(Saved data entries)
- - -

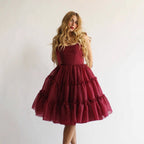 Square-neck Solid-color Wooden High-waist Flared Sleeveless Dress
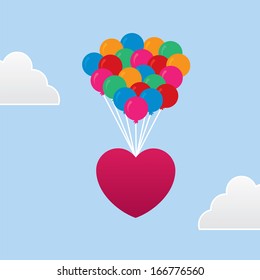 Heart with balloons floating through the sky 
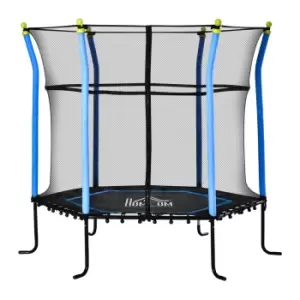 Homcom 5.3ft Kids Trampoline With Enclosure Indoor Outdoor For 3-10 Years Blue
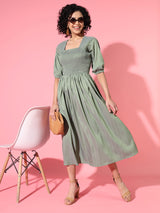 Moss Green Lycra Dress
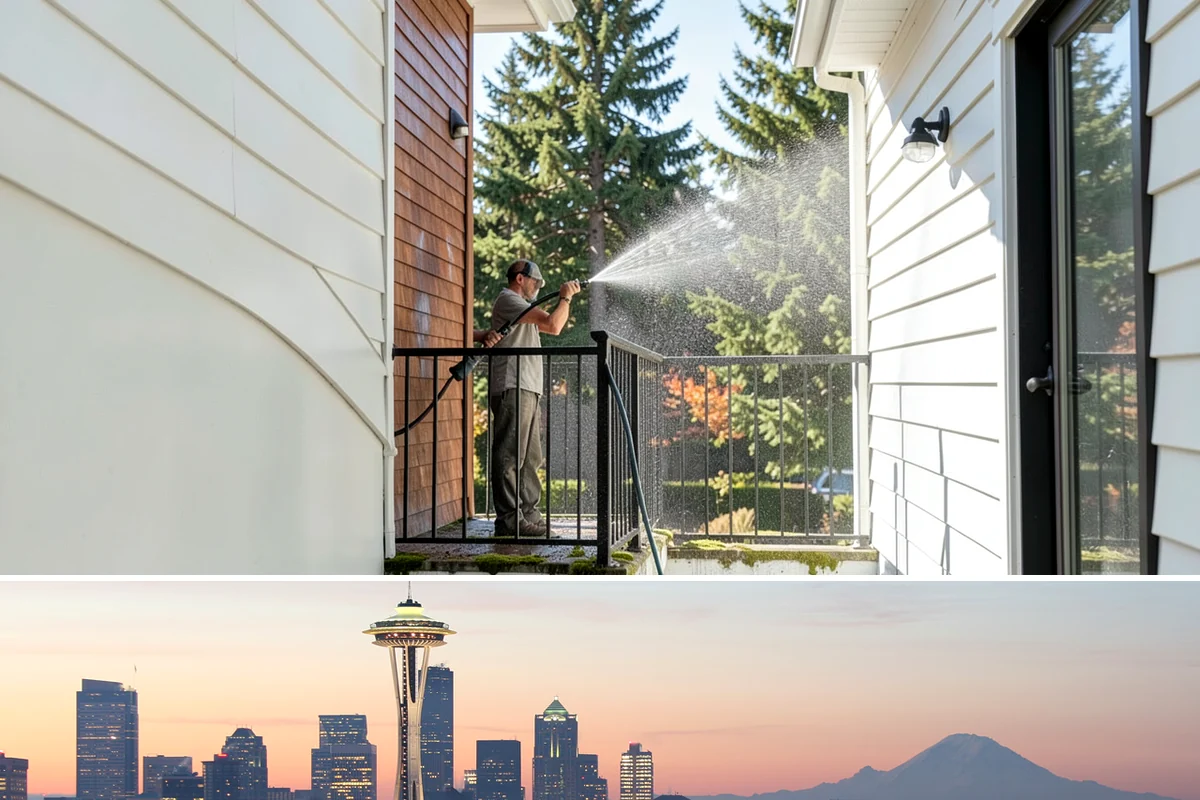 Composite Fence Cleaning in Seattle, King County, WA - Clean composite in late spring or summer so shaded panels dry before the mildew has a chance to reestablish.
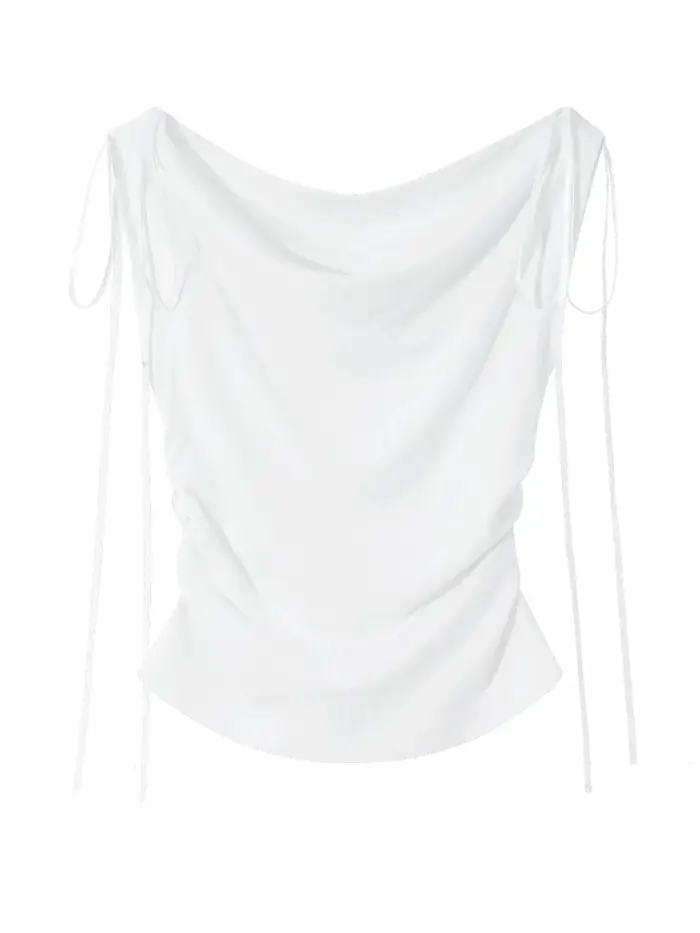 T-shirt femme blanc uni polyvalent à col bénitier Y2K
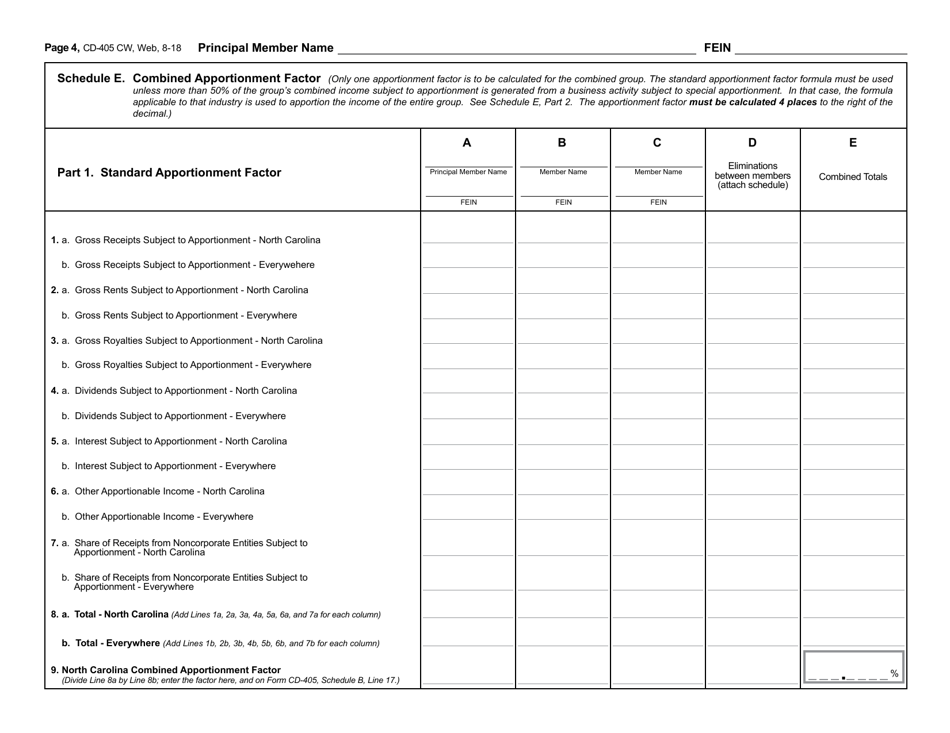 Form CD-405 CW Combined Corporate Income Tax Worksheet - North Carolina, Page 5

- - -

**Assignment**
Repeat the records word for word. Any picture in them should be left out.

**Response area**
 Square-neck Solid-color Wooden High-waist Flared Sleeveless Dress
 Heart with balloons floating through the sky 
 Homcom 5.3ft Kids Trampoline With Enclosure Indoor Outdoor For 3-10 Years Blue
 Moss Green Lycra Dress
 Composite Fence Cleaning in Seattle, King County, WA - Clean composite in late spring or summer so shaded panels dry before the mildew has a chance to reestablish.
 T-shirt femme blanc uni polyvalent à col bénitier Y2K
 Form CD-405 CW Combined Corporate Income Tax Worksheet - North Carolina, Page 5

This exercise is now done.